Ever wondered who creates Taskmaster tasks? It's not Greg Davies
If you've watched Taskmaster, you know the setup: Greg Davies sits on his throne, judges the contestants, and awards points with the authority of a man who has been doing this since birth. It's natural to assume he's the mastermind behind the whole operation.
He isn't. The tasks — all of them — are created by Alex Horne.
How Taskmaster started
Alex Horne invented the entire concept. In 2009, he missed the Edinburgh Festival Fringe because he was looking after his newborn son. Jealous of his friend Tim Key winning a comedy award, he emailed 20 comedians and challenged them to complete monthly tasks in the run-up to the following year's festival. The first ever Taskmaster task? "Put as much money into my bank account — most money wins."
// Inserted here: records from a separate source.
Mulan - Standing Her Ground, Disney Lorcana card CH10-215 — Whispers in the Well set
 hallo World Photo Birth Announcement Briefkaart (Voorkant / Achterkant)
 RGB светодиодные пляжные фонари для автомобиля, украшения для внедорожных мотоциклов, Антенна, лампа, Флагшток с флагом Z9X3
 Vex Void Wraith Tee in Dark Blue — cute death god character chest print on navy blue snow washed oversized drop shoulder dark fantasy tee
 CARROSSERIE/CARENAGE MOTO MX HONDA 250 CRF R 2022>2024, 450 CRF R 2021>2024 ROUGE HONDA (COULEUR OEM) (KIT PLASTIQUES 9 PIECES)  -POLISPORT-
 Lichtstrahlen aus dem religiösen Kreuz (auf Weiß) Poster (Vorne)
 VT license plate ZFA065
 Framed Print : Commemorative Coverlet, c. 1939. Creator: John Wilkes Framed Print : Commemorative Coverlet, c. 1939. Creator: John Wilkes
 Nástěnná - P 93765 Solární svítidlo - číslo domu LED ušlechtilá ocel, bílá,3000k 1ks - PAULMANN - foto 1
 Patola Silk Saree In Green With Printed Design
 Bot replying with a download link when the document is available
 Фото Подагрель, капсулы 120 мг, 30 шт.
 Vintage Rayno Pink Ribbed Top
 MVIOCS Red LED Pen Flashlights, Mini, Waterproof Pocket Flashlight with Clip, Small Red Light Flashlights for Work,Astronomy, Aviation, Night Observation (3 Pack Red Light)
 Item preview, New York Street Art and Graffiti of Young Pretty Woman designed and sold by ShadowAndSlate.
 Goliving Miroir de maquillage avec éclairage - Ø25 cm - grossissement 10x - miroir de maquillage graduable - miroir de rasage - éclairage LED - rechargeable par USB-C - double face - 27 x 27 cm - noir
That live show evolved into the TV format that premiered on Dave in 2015 and moved to Channel 4 in 2020. As of 2026, there have been 21 series and over 200 episodes.
How Alex writes the tasks
Alex Horne is credited as the show's creator and serves as executive producer. He writes the tasks himself, and according to interviews with the British Comedy Guide, his creative process is disarmingly simple: he stares at a blank piece of paper until inspiration arrives.
The tasks are designed to be deliberately ambiguous. The wording leaves room for creative (or catastrophic) interpretation, which is where most of the comedy comes from. A task that says "make the best sandwich" doesn't specify what "best" means, and contestants' wildly different interpretations are what make the show work.
So what does Greg actually do?
Greg Davies was Alex Horne's first and only choice for the role. Davies spent 13 years as a secondary school teacher before becoming a comedian, and had already played a domineering head of year in The Inbetweeners. That natural authority is what the show needed — someone who could pass judgement on five comedians and make it feel simultaneously arbitrary and absolute.
Greg scores the tasks, presides over the studio segments, and provides the comedic counterweight to Alex's understated delivery. But when it comes to deciding what contestants actually have to do — that's all Alex.